The important constraint with the standalone endpoint is to treat the returned compacted window as the next canonical context window. Do not prune it manually unless the workflow has a specific and well-understood reason to do so.
A practical decision rule for choosing between them:
| Use case | Better fit | Reason |
| Long-running coding agent | Server-side | Automatic, minimal architecture change |
| Multi-stage investigation workflow (e.g., SOC triage) | Standalone | Natural phase boundaries make explicit compaction useful |
| Chat assistant with occasional long sessions | Server-side | Low overhead |
| Evaluation harness measuring memory quality | Standalone | Allows direct comparison of pre- and post-compaction behavior |
| Workflow requiring citations or exact evidence | Neither alone | Keep artifacts in durable storage and retrieve when needed |
The main takeaway for us was that compaction works best when it is part of a broader context-engineering strategy.
Compaction is part of a broader shift from prompt engineering to context engineering. Prompt engineering concerns what we ask of the model in a single turn whereas context engineering concerns what the model gets to see across multiple turns: what gets compressed, what gets retrieved, what gets written to durable state, and what gets discarded.
For agents running long-horizon tasks, context engineering may be as important as model selection. A strong model with poor state management will lose the thread on a complex task. A model with better context discipline may make steadier progress and complete more tasks.
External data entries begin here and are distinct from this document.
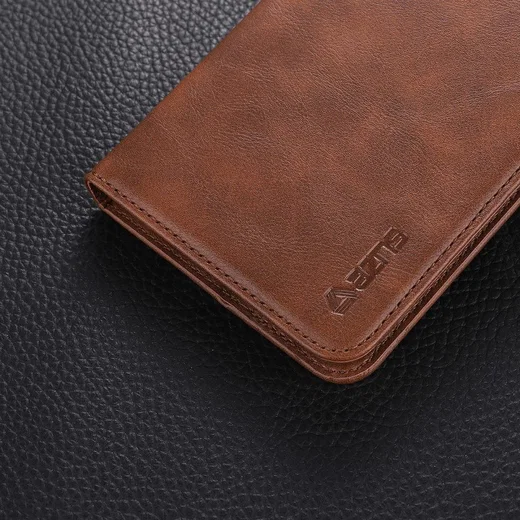 AZNS Samsung Galaxy A21S Hoesje Wallet Book Case Kunstleer Coffee afbeelding 2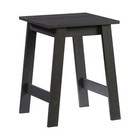 Mainstays Small Square Wood Side Table  Black Finish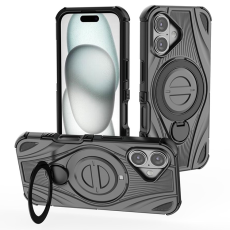 A-One Brand - iPhone 16 Mobilskal MagSafe Magnetic Kickstand - Svart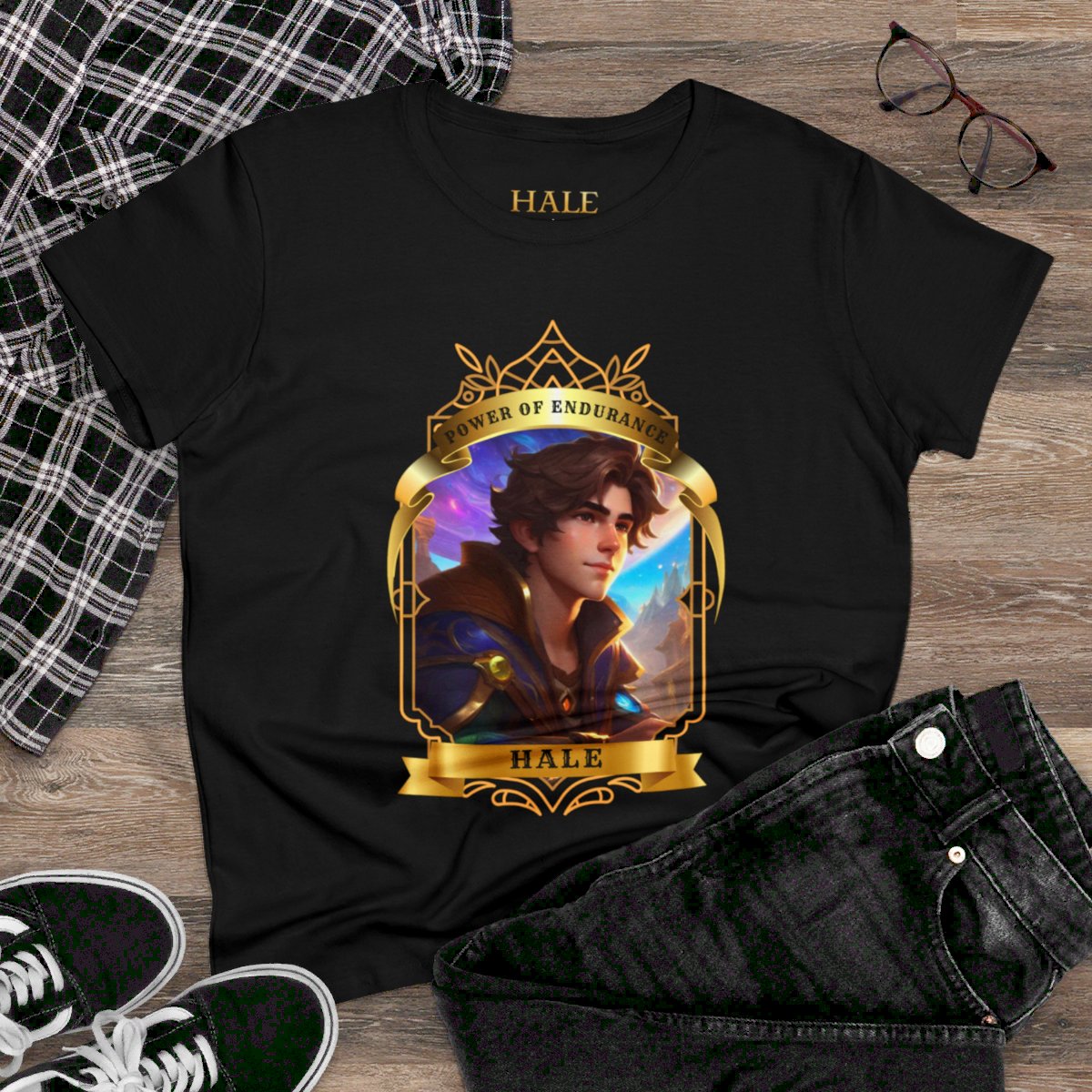 Hale, Power Of Endurance - Graphic Cotton Tee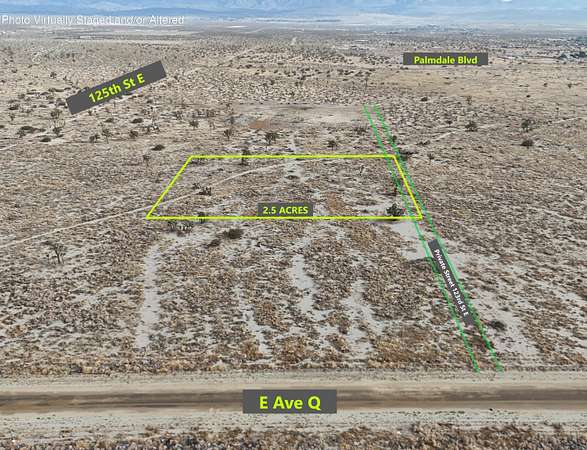 2.58 Acres of Land for Sale in Littlerock, California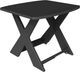 Unwasted® Share Gray Plastic Outdoor Accent Table-0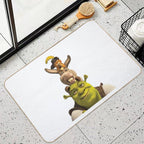 Shrek Cat Donkey 2  Odorless Bath Mat
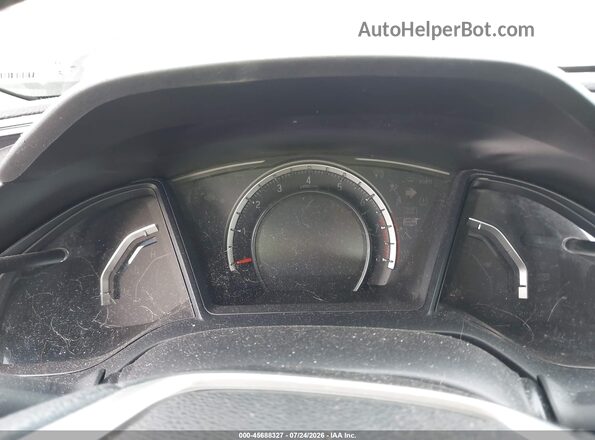 2HGFC2F57JH574075 2018 HONDA CIVIC Gray Rear seats view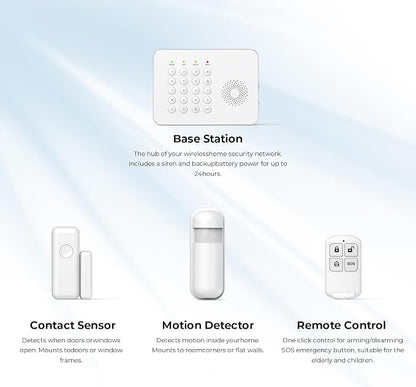 Wireless Home Security System WiFi/4G Home Alarm System - Image 2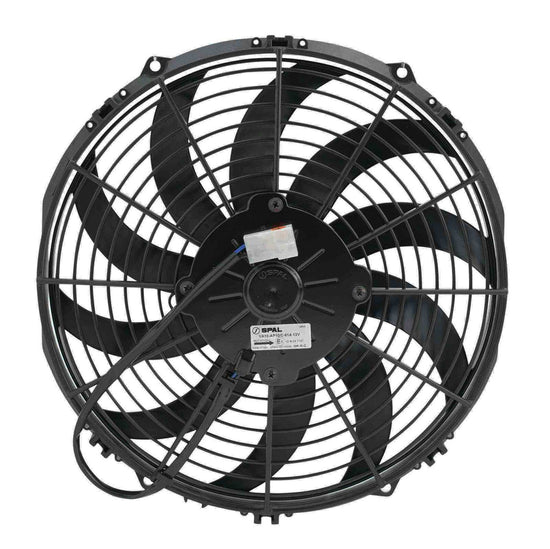 Spal 12in Fan Skew Blade Pull 12V (909CFM) (52mm Deep)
That tradeoff compounds quickly across the kind of multi-step security workflows we are trying to evaluate.
Without compaction, realistic long-running security agent workflows become too large, noisy, and expensive to measure cleanly. With it, the scope of what is practical to evaluate expands. We view compaction not just as a tool for making agents cheaper, but as part of the infrastructure required to evaluate whether they actually work.